• **Exercise**
One exact copy of the listing, minus the images, is the required answer.

• **Data below**
····················

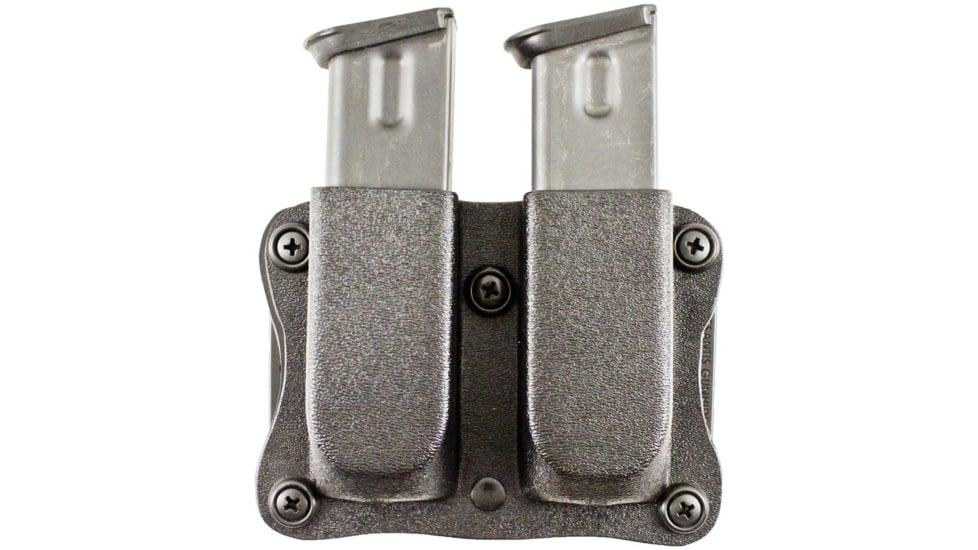 DeSantis Quantico Double Mag Pouch Belt Holster, Glock 43, Ambidextrous, Kydex, Black, A87KJYYZ0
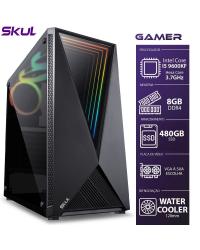 COMPUTADOR GAMER 5000 - I5 9600KF 3.7GHZ 9ªG. MEM.8GB DDR4 SSD 480GB SEM VÍDEO INTEGRADO WATER COOLER 120MM FONTE 600W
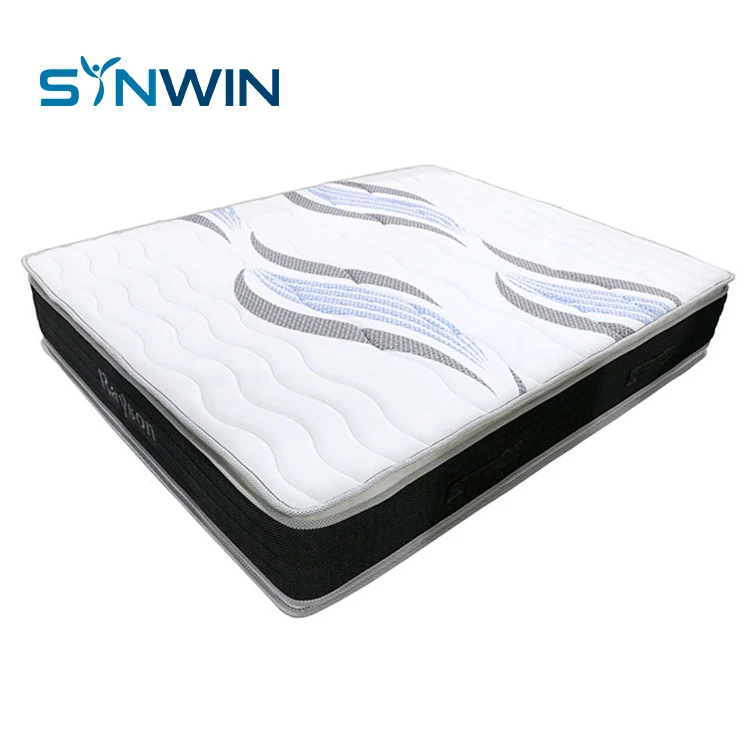 32cm Double pillow top mattress hotel bed king size spring mattress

····················

• **Your solution**
 DeSantis Quantico Double Mag Pouch Belt Holster, Glock 43, Ambidextrous, Kydex, Black, A87KJYYZ0
 COMPUTADOR GAMER 5000 - I5 9600KF 3.7GHZ 9ªG. MEM.8GB DDR4 SSD 480GB SEM VÍDEO INTEGRADO WATER COOLER 120MM FONTE 600W
 32cm Double pillow top mattress hotel bed king size spring mattress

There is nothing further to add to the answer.